Material). While the calibrated effective hydraulic conductivities in this study surpass those of typical soil materials (e.g., to for clayey soils (Kluger et al., 2022)), they align with the range reported in the glacier studies mentioned above. Then, the calibrated hydraulic conductivity is applied to the Aru-2 glacier modelling, in which whether the FOS is still equal to 1 is a critical question to be checked. 材料)。虽然本研究中标定的有效水力传导率超过了典型土壤材料的有效水力传导率(例如,粘土的有效水力传导率为 到 (Kluger等人,2022年)),但它们与上述冰川研究中报告的范围一致。然后,将校准后的水力传导系数应用于 Aru-2 冰川建模,其中 FOS 是否仍然等于 1 是一个需要检查的关键问题。
4.2. Modelling results 4.2.建模结果
Fig. 10a illustrates the temperature evolution in the Aru-1 modelling example from 2000 to 2016 . The temperature along the profile ( ) reveals that the ice temperature near the top surface is more sensitive to air temperature. More notably, the glacier tends toward a warmer state; for instance, the temperature at Point C below the ice surface; see Fig. 10a) increased by from 2000 to 2016. Fig. 10b displays the simulated subglacial fluid pressure in summer 2016. The fluid pressure distributions of the two glaciers are somewhat similar, exhibiting lower values at the inlet and outlet and higher values in the middle. Nevertheless, unlike Aru-1, the subglacial water flow in Aru-2 experiences two transitions from a steeper bed to a flatter bed (at approximately and ), leading to two peaks in the fluid pressure distribution. 图 10a 展示了 2000 年至 2016 年 Aru-1 模拟实例的温度变化。沿 剖面( )的温度显示,顶面附近的冰温对气温更为敏感。更值得注意的是,冰川趋向于变暖状态;例如,从 2000 年到 2016 年,冰面以下 C 点 的温度(见图 10a)增加了 。图 10b 显示了 2016 年夏季冰川下流体压力的模拟情况。两座冰川的流体压力分布有些相似,入口和出口处的数值较低,中间的数值较高。然而,与阿鲁-1 不同的是,阿鲁-2 的冰川下水流经历了两次从较陡床面向较平坦床面的过渡(大约在 和 处),导致流体压力分布出现两个峰值。

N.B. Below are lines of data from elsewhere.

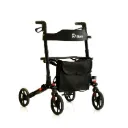 GCare - Rollator 4 roues pliable Advance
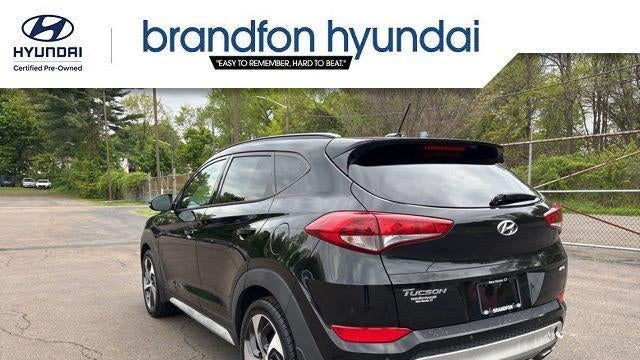 2017 Hyundai TUCSON Value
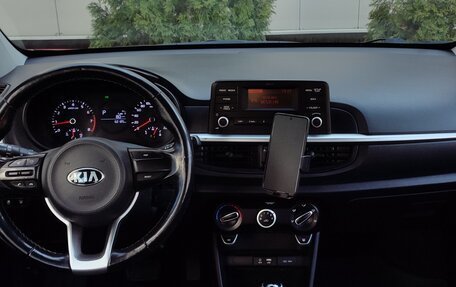 KIA Picanto III рестайлинг, 2019 год, 1 295 000 рублей, 4 фотография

This study focuses on the FOS values and collapse zones; the results are depicted in Fig. 10c. Interestingly, Aru-2 had a FOS of 0.988 in summer 2016, indicating a potentially unstable state of Aru-2 under the calculated fluid pressure and temperature conditions. More critically, this result suggests a similar stability status between the two glaciers at that time, given their nearly equal FOS values. It is worth mentioning that the FOS for both Aru-1 and Aru-2 would significantly increase when disregarding the influence of the basal fluid pressure, achieving 2.036 and 2.147, respectively. These results demonstrate the profound impact of water infiltration on the Aru glacier collapses. Regarding the effect of glacier temperature, the seasonal temperature rise from winter to summer only causes a slight decrease in the FOS, with the FOS changing less than in both modelling examples. 本研究的重点是 FOS 值和塌陷区;结果如图 10c 所示。有趣的是,2016 年夏季阿鲁-2 的 FOS 值为 0.988,这表明在计算的流体压力和温度条件下,阿鲁-2 可能处于不稳定状态。更关键的是,由于两座冰川的 FOS 值几乎相等,这一结果表明当时两座冰川的稳定性状态相似。值得一提的是,如果不考虑基底流体压力的影响,阿鲁-1 和阿鲁-2 冰川的 FOS 值都会显著增加,分别达到 2.036 和 2.147。这些结果表明了水的渗透对阿鲁冰川崩塌的深刻影响。至于冰川温度的影响,从冬季到夏季的季节性温度升高只导致 FOS 的轻微下降,在两个模拟实例中,FOS 的变化都小于 。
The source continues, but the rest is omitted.